La question qui en découle est donc si ces megacap pourront continuer sur leur lancée. Là aussi, Guy Wagner se pose des questions. “Les valeurs technologiques semblaient perdre de leur splendeur en 2022 avant que le thème de l’intelligence artificielle ne leur insuffle une nouvelle dynamique. Il ne fait pas de doute que les grandes valeurs technologiques américaines sont dans l’ensemble de très bonnes sociétés. Elles disposent d’avantages compétitifs et génèrent des flux de revenus récurrents et un rendement sur capitaux employés élevé. Elles sont toutefois aujourd’hui très chères et leur croissance bénéficiaire commence à diminuer. A noter aussi qu’avec le cloud et l’Intelligence artificielle, ces sociétés commencent à entrer davantage en concurrence entre elles, alors que jusqu’à présent, chacune disposait d’un quasi-monopole dans son activité principale.”
L’investissement passif… et la bulle
Bref, eu égard de ces différents éléments, l’investissement passif pourrait ainsi contribuer à créer une bulle. “Pour qu’une bulle se poursuive, il faut qu’elle attire de plus en plus de capitaux. Et il est tout à fait possible que la gestion indicielle continue à gagner des parts de marché au détriment de la gestion active.”
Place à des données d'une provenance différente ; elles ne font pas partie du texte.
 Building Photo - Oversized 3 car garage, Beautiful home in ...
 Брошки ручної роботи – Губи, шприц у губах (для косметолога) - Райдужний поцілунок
Mais cette bulle pourrait-elle venir à éclater ? L’expert et son équipe voient notamment trois risques, qui pourraient précipiter la chute des cours. Le premier serait une déception quant à l’IA, à son potentiel de revenus ou d’économies de coûts ; surtout avec les centaines de milliards de dollars que la tech US a injecté dans le développement. Le deuxième serait un assèchement des liquidités : en 2025, il y aura “la nécessité de refinancer une grande partie de la dette publique et privée” et le marché américain y est plus exposé que d’autres marchés occidentaux. Le troisième est l’affaiblissement du dollar : la surperformance de Wall Street est aujourd’hui fortement corrélée à la dominance du dollar. Mais Trump veut réindustrialiser le pays et affaiblir le dollar ; comme il l’avait fait lors de son dernier mandat.
Le dilemme
Mais l’expert sait qu’il peut ne pas être facile d’opter pour une autre stratégie que celle de l’investissement passif. “La combinaison d’un environnement plaidant en faveur des actions et d’indices boursiers chers parle donc clairement pour une gestion active, même s’il est illusoire de penser qu’une telle gestion puisse durablement surperformer tant que l’engouement pour la gestion indicielle continuera. Un investisseur a aujourd’hui le choix entre jouer la carte du momentum avec les risques associés ou opter pour une stratégie axée sur les fondamentaux avec le risque de sous-performer les indices, du moins à court terme.”